__WHAT IS BEING ASKED__
Below are records; copy exactly the line containing "Svart långärmad blus med spetsdetaljer" and every line after it, through the last.

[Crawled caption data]
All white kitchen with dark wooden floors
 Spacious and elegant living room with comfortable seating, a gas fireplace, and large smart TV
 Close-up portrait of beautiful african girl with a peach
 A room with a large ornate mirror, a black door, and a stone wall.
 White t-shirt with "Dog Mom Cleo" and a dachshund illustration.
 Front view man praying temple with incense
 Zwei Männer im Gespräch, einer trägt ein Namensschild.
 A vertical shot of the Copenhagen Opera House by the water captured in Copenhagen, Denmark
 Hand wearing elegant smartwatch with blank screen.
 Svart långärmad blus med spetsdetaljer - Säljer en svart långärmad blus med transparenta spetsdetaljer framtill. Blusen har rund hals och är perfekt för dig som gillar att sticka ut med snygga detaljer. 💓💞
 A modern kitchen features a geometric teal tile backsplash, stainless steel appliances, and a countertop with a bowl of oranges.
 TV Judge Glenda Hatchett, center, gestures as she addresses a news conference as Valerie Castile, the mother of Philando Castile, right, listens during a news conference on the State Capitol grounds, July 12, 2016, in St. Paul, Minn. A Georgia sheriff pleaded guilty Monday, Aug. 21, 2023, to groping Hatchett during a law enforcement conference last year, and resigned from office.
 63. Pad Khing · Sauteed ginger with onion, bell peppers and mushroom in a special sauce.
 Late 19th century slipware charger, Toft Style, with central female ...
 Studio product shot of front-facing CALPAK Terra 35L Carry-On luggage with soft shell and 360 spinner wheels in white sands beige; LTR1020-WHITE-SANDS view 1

__SOLUTION__
 Svart långärmad blus med spetsdetaljer - Säljer en svart långärmad blus med transparenta spetsdetaljer framtill. Blusen har rund hals och är perfekt för dig som gillar att sticka ut med snygga detaljer. 💓💞
 A modern kitchen features a geometric teal tile backsplash, stainless steel appliances, and a countertop with a bowl of oranges.
 TV Judge Glenda Hatchett, center, gestures as she addresses a news conference as Valerie Castile, the mother of Philando Castile, right, listens during a news conference on the State Capitol grounds, July 12, 2016, in St. Paul, Minn. A Georgia sheriff pleaded guilty Monday, Aug. 21, 2023, to groping Hatchett during a law enforcement conference last year, and resigned from office.
 63. Pad Khing · Sauteed ginger with onion, bell peppers and mushroom in a special sauce.
 Late 19th century slipware charger, Toft Style, with central female ...
 Studio product shot of front-facing CALPAK Terra 35L Carry-On luggage with soft shell and 360 spinner wheels in white sands beige; LTR1020-WHITE-SANDS view 1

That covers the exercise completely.